He turned around and looked at me, waiting for my laugh. His eyes widened during a long pause, as he realized that I was serious.

Then he suddenly said, "So? You're gay."

That didn't change anything, he said, he still loved me as if I was a brother, and wasn't uncomfortable with it and would give me a hug if he wasn't driving.

Emotion swelled in me, and I almost began to cry. All that I had ever held inside of me came gushing out -- all the self-loathing, fear, dread, sadness, anger.

We talked and drove for hours.

I asked him how he could so easily accept me. After all, I was having trouble accepting myself.

You are still the same person, he said. Of course, he was right.

At about five o'clock in the morning, we were finally exhausted from talking. We went into a donut shop. I drank a cup of tea; he played an arcade game -- sports, of course.
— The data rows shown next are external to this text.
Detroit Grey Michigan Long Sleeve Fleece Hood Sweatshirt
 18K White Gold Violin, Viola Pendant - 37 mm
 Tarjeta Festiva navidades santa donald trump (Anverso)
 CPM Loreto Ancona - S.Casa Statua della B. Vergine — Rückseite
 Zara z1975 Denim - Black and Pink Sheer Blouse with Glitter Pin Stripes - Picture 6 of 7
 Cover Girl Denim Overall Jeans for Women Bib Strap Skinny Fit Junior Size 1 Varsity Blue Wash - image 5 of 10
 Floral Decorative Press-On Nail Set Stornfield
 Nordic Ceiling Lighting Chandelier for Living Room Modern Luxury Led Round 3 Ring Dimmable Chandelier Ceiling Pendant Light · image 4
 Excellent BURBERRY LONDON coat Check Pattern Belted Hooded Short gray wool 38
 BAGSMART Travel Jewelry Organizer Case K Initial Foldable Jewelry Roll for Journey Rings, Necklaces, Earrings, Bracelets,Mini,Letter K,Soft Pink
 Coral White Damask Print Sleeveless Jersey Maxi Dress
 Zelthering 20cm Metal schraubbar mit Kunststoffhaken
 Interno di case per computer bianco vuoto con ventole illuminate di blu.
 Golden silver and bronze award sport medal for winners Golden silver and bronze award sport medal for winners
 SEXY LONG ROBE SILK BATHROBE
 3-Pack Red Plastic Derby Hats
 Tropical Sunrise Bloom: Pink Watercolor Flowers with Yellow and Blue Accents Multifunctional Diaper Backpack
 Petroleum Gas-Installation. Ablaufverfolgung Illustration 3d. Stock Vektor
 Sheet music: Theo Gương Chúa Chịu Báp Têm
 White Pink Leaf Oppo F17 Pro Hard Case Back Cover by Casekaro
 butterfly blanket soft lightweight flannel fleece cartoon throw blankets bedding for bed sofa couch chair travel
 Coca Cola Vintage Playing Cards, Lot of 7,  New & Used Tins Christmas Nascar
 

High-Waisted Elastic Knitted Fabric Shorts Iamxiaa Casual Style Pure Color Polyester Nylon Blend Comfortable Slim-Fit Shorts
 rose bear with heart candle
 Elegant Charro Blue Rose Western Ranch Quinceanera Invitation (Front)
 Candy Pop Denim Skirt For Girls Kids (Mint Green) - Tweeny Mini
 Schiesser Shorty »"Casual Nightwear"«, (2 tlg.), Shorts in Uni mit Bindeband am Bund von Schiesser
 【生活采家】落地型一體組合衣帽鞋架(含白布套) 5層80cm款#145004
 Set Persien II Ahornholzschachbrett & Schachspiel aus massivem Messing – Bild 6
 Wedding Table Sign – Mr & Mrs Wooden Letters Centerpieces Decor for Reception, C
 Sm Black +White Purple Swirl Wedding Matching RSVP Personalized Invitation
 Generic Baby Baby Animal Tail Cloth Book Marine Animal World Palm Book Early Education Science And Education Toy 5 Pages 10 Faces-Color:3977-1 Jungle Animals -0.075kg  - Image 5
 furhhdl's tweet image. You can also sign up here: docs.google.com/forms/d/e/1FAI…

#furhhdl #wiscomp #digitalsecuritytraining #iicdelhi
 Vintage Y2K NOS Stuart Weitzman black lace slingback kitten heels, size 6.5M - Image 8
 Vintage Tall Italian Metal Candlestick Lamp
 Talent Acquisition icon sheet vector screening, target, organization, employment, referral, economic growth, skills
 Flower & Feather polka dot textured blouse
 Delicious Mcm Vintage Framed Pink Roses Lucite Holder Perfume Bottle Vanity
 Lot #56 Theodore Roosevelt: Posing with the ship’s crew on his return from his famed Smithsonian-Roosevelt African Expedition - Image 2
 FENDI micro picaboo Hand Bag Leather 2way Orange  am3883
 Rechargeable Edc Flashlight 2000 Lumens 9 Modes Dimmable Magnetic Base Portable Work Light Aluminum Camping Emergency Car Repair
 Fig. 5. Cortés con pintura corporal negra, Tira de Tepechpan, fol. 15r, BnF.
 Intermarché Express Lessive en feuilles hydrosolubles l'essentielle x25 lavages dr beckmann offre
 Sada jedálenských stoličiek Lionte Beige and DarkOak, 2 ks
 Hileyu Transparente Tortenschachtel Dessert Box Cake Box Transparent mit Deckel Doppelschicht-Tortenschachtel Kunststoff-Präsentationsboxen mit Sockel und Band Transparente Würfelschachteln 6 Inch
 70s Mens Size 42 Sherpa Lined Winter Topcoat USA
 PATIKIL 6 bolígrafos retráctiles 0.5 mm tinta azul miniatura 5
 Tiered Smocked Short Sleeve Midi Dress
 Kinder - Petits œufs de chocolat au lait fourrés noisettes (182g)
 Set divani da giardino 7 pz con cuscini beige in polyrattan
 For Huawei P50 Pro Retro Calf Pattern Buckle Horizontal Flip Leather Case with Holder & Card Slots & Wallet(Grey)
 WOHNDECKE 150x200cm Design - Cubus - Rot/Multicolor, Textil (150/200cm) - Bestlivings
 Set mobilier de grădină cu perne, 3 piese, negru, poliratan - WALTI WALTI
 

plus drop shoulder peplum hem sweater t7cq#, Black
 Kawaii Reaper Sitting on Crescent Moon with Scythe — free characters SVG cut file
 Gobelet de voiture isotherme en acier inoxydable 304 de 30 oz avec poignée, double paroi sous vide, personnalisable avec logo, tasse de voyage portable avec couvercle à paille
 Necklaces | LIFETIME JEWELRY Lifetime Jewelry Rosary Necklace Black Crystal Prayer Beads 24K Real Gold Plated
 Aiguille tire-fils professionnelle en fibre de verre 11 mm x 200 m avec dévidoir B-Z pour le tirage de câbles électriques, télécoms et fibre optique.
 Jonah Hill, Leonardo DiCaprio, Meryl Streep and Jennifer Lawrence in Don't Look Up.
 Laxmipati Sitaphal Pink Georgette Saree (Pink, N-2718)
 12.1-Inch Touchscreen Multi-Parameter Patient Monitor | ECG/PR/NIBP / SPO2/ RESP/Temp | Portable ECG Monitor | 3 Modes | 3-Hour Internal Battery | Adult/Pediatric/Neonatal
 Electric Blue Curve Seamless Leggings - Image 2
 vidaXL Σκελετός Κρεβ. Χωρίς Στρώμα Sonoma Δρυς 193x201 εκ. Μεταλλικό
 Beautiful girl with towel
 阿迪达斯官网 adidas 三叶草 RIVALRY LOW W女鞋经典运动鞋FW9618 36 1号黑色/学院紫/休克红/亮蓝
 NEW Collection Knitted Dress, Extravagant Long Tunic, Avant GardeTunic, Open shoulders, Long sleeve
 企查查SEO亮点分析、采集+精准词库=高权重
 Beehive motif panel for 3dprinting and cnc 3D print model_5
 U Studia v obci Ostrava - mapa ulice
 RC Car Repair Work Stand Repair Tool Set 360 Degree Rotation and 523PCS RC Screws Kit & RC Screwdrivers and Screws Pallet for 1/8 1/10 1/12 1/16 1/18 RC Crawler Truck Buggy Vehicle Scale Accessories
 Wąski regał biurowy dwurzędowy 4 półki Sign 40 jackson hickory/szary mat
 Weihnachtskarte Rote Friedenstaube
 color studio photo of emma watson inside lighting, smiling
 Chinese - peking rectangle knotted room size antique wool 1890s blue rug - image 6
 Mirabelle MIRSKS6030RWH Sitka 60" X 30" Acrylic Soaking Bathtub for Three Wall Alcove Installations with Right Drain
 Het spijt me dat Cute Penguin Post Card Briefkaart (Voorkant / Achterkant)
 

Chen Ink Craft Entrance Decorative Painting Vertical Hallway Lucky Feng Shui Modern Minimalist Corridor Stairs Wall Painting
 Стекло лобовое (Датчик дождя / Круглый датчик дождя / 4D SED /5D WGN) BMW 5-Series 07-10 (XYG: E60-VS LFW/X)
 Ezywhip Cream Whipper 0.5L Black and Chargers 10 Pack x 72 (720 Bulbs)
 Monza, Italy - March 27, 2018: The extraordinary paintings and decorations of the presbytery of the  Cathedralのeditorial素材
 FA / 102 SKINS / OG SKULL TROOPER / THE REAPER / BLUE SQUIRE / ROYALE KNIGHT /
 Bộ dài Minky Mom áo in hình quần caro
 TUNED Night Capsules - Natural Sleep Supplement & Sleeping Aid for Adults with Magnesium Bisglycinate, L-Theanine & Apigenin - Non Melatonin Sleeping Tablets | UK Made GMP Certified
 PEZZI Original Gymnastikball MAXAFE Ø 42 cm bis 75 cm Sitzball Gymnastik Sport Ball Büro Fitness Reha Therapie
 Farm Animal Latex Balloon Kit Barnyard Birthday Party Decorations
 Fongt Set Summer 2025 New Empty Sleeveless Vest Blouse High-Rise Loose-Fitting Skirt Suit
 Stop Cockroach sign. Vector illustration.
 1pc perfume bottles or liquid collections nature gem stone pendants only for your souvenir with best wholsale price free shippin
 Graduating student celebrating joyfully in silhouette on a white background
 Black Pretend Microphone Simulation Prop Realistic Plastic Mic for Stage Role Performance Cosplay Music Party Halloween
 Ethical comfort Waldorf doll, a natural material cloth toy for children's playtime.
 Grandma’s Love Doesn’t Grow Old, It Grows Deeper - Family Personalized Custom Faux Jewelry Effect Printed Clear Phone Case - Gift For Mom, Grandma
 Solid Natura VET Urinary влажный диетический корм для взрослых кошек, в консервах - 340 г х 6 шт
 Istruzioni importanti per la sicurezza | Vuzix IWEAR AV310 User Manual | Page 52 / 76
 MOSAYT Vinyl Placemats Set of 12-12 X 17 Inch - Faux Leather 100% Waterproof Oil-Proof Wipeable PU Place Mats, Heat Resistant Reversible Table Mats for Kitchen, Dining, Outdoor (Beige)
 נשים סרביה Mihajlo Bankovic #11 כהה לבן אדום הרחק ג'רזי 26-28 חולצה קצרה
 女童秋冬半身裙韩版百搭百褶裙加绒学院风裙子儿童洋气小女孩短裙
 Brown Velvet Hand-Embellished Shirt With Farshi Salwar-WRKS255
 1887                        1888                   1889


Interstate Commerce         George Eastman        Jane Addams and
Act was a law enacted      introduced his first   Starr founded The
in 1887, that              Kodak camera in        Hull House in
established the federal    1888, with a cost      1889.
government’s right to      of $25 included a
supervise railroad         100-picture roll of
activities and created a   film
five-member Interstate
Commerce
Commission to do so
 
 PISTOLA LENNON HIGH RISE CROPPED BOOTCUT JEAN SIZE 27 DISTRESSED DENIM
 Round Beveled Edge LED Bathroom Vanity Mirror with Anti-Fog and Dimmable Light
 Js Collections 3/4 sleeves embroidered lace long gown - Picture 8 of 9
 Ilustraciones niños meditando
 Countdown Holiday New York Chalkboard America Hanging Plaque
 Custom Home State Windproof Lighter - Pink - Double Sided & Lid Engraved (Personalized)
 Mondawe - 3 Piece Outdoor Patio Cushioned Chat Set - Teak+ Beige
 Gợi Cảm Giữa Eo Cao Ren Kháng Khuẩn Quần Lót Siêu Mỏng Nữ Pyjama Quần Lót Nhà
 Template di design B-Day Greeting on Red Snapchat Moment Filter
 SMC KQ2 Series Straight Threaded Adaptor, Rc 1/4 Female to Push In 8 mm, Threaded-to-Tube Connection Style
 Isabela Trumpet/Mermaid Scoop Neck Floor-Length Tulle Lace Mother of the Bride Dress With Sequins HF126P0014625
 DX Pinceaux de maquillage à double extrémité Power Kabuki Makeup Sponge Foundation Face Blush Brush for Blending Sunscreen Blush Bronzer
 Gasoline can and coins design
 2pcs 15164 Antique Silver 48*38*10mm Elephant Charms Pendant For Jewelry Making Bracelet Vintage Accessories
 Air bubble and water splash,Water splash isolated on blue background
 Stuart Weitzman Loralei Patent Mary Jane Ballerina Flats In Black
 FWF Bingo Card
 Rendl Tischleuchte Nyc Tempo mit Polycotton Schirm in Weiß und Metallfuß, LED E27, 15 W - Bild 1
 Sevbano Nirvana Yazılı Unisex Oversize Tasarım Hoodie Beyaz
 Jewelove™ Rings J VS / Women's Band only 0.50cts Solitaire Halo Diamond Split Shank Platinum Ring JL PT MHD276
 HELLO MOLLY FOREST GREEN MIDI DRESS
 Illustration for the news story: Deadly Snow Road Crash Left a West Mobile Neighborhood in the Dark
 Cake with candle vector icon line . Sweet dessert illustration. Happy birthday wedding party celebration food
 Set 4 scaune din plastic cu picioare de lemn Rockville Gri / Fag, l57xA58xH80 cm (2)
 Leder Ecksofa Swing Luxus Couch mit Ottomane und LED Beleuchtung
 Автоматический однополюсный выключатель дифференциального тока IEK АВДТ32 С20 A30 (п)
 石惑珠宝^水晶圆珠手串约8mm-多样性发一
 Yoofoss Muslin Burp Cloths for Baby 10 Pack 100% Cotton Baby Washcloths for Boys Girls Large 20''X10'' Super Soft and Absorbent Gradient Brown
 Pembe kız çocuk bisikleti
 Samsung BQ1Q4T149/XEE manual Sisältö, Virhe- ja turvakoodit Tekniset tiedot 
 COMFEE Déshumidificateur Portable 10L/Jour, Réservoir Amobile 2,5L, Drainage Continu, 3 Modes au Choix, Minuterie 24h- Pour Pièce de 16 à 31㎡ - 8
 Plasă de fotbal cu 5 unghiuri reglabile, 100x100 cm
As the sun finally came up, we got back into his car and continued driving. We had done most of our talking by then and were exhausted.

The only part of my confession that he couldn't understand was why I had kept it from him for so long. He was hurt that I didn't trust him enough to tell him the truth earlier.

I asked him whether he would have been able to accept me a few years ago if I had told him then. He bowed his head, and said no.

Despite my fears, and thanks to my friend's understanding and love, we have grown even closer than before -- inseparable, in fact.

For the first time, we are completely honest with each other and keep no secrets.

For the fist time, I feel loved and accepted for all of who I am.

For the first time, we have begun to talk openly about relationships and sex.

For the first time, I have learned to accept myself, because of his acceptance of me.

And for the first time -- I am finally at piece.